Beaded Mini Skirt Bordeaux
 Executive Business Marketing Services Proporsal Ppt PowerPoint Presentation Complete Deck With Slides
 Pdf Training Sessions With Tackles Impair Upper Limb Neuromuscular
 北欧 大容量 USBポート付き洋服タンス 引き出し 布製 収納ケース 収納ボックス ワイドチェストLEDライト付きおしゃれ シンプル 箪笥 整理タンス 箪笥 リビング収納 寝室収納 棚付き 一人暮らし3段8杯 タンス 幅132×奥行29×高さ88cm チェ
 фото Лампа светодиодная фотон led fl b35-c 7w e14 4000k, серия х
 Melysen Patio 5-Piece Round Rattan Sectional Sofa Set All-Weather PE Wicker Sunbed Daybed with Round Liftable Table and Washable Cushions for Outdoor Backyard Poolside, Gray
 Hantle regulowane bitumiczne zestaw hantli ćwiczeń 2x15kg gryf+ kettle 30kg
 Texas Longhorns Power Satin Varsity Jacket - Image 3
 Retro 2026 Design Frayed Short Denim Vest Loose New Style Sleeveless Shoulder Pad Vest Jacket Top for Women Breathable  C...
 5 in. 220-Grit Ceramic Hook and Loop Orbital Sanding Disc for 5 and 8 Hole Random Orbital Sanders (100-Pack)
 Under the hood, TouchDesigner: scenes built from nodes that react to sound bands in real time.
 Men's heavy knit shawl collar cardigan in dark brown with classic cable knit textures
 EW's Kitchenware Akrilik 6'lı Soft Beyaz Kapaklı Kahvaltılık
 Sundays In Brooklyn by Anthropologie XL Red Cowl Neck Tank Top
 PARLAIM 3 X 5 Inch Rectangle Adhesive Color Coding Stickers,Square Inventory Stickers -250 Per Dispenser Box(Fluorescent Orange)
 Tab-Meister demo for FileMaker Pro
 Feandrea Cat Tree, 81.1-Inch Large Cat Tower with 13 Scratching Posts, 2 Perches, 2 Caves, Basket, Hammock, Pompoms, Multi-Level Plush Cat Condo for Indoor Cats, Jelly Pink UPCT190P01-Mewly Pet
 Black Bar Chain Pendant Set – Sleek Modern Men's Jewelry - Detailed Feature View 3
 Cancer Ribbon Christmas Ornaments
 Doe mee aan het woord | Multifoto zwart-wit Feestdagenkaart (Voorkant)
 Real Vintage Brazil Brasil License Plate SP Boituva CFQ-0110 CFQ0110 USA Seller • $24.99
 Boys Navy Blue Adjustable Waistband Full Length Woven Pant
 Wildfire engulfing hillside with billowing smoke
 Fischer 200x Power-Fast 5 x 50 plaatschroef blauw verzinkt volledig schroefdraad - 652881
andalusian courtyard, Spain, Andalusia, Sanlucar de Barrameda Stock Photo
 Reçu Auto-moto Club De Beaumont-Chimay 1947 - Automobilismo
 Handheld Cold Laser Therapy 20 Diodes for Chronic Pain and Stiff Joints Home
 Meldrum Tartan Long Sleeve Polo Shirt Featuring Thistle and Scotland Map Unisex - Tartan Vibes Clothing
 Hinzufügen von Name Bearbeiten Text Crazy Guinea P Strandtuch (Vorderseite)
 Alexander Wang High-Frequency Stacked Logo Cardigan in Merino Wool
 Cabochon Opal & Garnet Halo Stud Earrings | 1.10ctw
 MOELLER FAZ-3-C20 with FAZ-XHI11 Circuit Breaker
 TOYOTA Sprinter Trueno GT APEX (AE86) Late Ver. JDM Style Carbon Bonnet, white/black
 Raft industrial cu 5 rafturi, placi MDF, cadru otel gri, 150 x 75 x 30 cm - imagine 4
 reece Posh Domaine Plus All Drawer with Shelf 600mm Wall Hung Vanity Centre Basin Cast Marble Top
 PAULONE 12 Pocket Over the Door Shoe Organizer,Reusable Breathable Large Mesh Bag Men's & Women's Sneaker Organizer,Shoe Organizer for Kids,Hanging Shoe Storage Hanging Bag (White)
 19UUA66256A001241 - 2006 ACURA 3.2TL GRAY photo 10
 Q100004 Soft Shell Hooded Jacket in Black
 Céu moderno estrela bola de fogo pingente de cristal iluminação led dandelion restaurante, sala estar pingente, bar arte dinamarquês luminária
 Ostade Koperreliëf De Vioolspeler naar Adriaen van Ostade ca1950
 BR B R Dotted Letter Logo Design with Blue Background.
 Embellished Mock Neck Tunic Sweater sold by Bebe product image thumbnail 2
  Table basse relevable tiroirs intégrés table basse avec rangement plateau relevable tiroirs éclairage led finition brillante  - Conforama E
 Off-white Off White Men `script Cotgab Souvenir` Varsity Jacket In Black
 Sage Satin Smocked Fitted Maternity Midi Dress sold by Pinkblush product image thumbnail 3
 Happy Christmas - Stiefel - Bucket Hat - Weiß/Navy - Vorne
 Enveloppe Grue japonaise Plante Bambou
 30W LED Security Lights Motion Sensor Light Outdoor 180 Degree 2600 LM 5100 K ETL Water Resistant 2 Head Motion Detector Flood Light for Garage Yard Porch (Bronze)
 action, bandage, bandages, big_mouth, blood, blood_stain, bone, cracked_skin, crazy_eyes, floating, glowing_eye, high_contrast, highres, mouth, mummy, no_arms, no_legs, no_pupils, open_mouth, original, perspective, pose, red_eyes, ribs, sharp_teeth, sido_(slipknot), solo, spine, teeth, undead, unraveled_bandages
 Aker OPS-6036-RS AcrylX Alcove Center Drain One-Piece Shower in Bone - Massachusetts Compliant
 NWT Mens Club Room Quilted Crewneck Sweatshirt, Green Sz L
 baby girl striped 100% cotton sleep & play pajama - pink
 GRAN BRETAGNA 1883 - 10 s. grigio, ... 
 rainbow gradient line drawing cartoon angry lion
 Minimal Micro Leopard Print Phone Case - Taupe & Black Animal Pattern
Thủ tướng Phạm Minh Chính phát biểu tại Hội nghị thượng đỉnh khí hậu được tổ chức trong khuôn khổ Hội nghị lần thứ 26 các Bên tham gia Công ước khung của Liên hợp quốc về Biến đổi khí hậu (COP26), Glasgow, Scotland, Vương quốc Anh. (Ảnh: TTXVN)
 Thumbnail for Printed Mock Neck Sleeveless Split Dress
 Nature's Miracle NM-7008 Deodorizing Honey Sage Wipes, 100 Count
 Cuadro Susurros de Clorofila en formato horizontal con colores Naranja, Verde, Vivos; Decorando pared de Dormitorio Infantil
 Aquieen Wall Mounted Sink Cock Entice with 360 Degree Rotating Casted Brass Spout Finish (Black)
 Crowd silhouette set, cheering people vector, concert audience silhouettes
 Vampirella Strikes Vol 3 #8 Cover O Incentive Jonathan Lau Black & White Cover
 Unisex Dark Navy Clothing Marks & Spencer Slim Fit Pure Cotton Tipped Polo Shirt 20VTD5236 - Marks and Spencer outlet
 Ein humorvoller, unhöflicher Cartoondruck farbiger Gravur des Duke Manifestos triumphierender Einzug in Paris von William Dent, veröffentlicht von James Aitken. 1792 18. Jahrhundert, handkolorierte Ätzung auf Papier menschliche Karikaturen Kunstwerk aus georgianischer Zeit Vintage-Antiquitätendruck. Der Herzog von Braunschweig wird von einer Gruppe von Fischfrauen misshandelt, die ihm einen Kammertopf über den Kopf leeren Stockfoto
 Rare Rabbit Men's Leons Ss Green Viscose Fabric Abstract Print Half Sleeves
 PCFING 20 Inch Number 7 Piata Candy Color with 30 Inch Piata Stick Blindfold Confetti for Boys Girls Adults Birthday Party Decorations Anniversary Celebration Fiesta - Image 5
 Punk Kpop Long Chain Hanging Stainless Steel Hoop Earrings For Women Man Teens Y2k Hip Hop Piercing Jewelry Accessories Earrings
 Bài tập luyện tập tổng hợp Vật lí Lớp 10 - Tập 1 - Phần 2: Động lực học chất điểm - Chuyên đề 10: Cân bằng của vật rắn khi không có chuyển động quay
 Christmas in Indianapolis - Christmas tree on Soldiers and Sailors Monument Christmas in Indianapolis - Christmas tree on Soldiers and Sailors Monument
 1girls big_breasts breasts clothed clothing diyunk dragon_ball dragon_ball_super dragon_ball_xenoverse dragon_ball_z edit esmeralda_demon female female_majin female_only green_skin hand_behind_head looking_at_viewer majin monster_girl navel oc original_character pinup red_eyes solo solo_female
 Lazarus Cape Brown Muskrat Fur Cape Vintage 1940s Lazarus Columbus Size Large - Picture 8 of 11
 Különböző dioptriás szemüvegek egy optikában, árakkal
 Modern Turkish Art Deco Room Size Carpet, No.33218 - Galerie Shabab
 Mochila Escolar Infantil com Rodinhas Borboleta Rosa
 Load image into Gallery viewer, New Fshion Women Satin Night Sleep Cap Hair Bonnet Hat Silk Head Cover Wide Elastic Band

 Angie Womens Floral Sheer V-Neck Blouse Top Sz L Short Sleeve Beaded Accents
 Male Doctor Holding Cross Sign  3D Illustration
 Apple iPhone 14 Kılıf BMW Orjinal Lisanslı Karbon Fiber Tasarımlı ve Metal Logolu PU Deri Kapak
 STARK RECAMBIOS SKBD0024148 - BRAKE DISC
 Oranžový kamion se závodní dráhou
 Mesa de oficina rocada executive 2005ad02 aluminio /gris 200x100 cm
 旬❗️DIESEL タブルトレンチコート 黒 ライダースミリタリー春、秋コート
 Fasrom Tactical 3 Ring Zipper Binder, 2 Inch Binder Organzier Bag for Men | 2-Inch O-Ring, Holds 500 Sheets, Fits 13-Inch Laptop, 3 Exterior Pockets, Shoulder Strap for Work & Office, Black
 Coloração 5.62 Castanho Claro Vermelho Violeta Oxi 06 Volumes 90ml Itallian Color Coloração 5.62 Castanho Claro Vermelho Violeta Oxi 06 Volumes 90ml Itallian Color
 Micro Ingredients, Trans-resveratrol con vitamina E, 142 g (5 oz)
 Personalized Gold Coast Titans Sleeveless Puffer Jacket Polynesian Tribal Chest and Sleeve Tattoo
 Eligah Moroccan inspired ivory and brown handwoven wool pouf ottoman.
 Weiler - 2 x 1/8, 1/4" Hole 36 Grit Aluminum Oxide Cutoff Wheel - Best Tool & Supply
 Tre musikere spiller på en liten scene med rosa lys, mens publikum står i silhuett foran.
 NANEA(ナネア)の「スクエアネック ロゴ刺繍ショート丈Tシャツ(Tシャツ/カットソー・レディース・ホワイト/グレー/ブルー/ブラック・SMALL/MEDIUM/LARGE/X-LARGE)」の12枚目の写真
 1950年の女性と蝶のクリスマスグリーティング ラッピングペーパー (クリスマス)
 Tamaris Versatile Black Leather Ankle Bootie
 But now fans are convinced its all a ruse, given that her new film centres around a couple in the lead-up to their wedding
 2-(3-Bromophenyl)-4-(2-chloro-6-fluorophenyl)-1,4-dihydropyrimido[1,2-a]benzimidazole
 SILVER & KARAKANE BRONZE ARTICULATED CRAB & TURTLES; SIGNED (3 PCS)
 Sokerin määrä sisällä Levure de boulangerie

---

■ **Work to be completed**
Write out each line above with the word "Chain".

■ **Output**
 Black Bar Chain Pendant Set – Sleek Modern Men's Jewelry - Detailed Feature View 3
 Punk Kpop Long Chain Hanging Stainless Steel Hoop Earrings For Women Man Teens Y2k Hip Hop Piercing Jewelry Accessories Earrings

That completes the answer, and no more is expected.